Expropriés, quels sont vos droits ?

L’expropriation est une procédure permettant à une administration de déposséder un propriétaire de son bien, à un prix non fixé par ce dernier, afin de réaliser un projet d’utilité public.

 

  1. Les personnes et biens concernés
  2. L’exigence d’une utilité publique
  3. La phase administrative : enquête préalable, DUP et cessibilité
  4. L’intervention de l’autorité judiciaire dans le transfert de propriété
  5. Droits des expropriés après l’expropriation

 

Fruit de la Révolution, la propriété fait l’objet d’une protection particulière en France car elle constitue « un droit inviolable et sacré (…) » (Article 17 de la Déclaration des Droits de l’Homme et du Citoyen de 1789).
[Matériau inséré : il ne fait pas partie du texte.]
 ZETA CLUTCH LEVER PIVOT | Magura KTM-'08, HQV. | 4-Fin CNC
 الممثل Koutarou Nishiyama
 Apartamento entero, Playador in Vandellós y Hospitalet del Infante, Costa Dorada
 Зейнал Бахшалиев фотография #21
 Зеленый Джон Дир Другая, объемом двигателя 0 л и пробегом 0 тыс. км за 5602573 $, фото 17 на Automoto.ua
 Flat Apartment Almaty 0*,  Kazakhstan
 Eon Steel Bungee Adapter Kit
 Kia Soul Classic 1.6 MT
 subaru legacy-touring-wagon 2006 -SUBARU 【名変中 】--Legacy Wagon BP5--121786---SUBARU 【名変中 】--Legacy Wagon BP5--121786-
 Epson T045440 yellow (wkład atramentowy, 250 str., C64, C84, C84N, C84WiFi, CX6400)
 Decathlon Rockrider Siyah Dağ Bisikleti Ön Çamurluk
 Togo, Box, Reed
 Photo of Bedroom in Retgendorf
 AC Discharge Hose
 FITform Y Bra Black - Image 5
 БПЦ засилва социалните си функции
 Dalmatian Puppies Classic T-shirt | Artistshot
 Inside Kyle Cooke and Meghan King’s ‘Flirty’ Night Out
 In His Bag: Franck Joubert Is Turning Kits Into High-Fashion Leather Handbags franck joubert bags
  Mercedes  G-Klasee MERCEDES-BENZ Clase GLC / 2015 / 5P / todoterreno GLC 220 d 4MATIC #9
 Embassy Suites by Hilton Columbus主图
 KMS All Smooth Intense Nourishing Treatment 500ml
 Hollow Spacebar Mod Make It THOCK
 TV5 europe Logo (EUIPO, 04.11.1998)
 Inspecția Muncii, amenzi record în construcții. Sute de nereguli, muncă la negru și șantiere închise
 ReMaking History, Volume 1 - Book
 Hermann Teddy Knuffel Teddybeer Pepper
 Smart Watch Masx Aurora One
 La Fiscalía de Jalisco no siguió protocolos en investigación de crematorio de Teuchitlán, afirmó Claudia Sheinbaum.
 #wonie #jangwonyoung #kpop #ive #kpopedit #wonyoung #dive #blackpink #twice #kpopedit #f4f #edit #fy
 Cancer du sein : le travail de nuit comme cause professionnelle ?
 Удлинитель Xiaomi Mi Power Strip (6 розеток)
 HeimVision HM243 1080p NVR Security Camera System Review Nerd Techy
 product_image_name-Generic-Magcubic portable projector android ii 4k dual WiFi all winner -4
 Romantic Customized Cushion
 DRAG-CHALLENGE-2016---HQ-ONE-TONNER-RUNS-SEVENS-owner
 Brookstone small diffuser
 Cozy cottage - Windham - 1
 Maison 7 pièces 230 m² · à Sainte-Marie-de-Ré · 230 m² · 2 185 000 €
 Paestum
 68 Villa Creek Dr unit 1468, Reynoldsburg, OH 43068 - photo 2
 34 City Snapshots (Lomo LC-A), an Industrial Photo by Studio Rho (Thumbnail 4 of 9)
Toutefois, il existe une limite à ce droit justifiée par la « nécessité publique ».

La procédure d’expropriation l’illustre parfaitement.

Divisée en deux phases, administrative et judiciaire, cette procédure est initiée par l’Etat ou par ses représentants (généralement le Préfet de département). Concrètement, l’Etat va user de ses prérogatives de puissance publique pour obtenir la propriété d’un immeuble. La procédure ne pourra cependant prospérer que si elle présente une utilité publique et en contrepartie d’une juste et préalable indemnité à destination de la personne expropriée.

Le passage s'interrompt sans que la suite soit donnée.